Once a remote scrum of thatched cottages, Doolin is now on the tourist trail thanks to its uninterrupted tradition of bar-room sessions – in which all-comers are welcome to pitch in with whatever musical talent they have. The place seems to lie on a nexus of ley lines in time and space through which song and community irrepressibly well up. Christy Barry, who runs a music centre, reveals how his mother, unpaid, taught the entire village flute and fiddle. Stretching back further than the Irish famine and the subsequent waves of emigration, this melodic heritage draws on what one musician here believes amounts to a millennium of orally transmitted music.
There are thankfully no severed fingers here, but Lila Schmitz’s film diligently unpicks a paradox at the heart of Doolin’s musical continuum: that it both fends off and nourishes an endemic black dog. Everyone here acknowledges the feeling and folkloric unity contained in these ballads and airs, but the flipside is the strain of anguish that colours so many of them, and so many who sing them. As the local DJ observes: “It’s funny how a crowd of loners can be a community.” Often this unease manifests itself in alcohol abuse, as testified by singer Katie Theasby, who used to rely on “a few scoops” (ie 10 pints) to oil her performing. Now teetotal, she has found new voice.

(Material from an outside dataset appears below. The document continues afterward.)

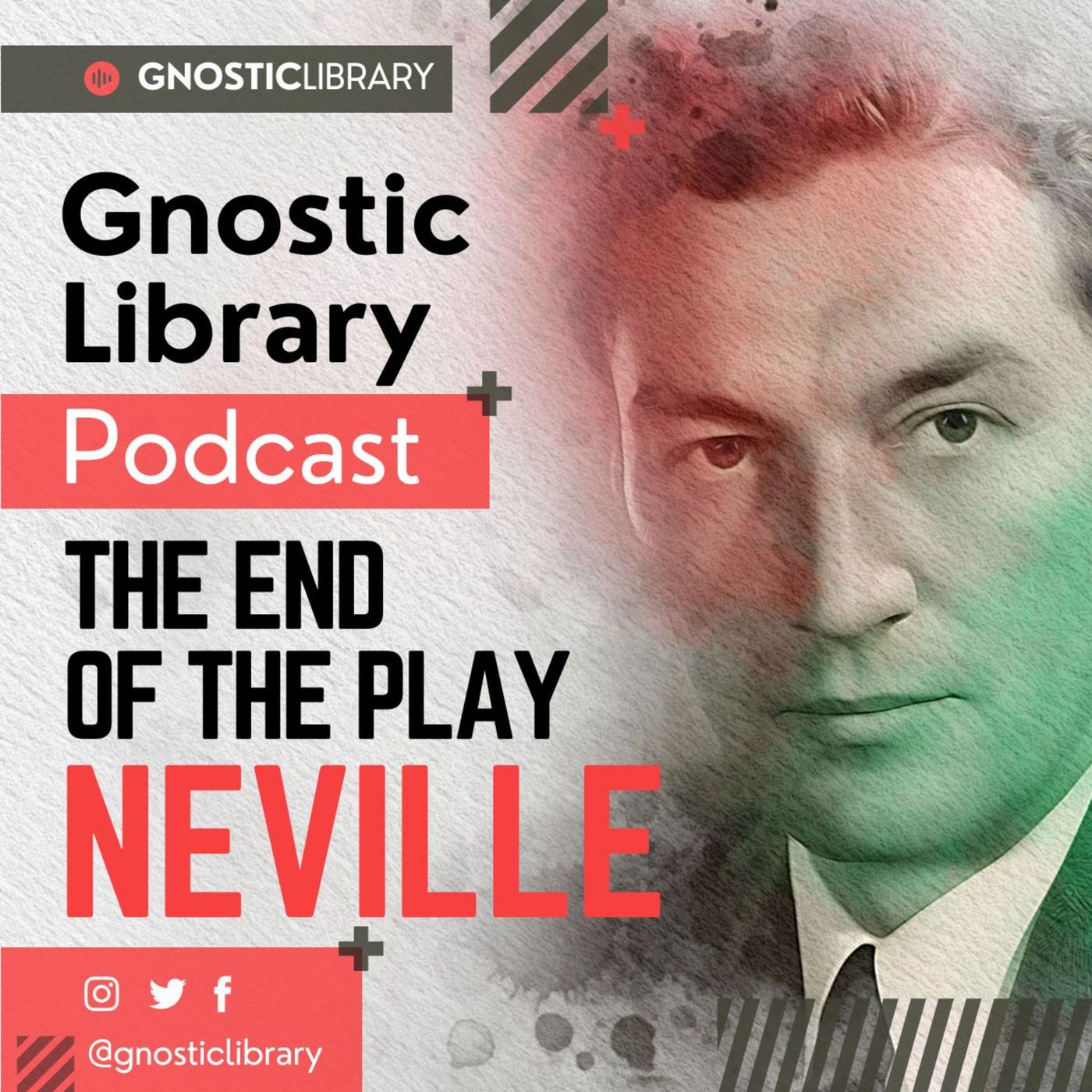 The End of the Play ❯ Neville Goddard ❯ Original Recording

This changing attitude to mental health and some musicians’ updated concerns – dwelling on refugees coming in, for example, rather than Irishmen who have left – shows the scene’s capacity to evolve. The DJ again: “You can live in the past, but it’s really boring and absolutely useless.” Schmitz doesn’t, though, explore this second tension, between tradition and modernity, quite as thoroughly: how, for example, does the fact that many of the session musicians are apparently paid to air this cultural commodity affect the authenticity of the experience? But otherwise this is a candid and thoughtful film.
• The Job of Songs is available on digital platforms on 25 September.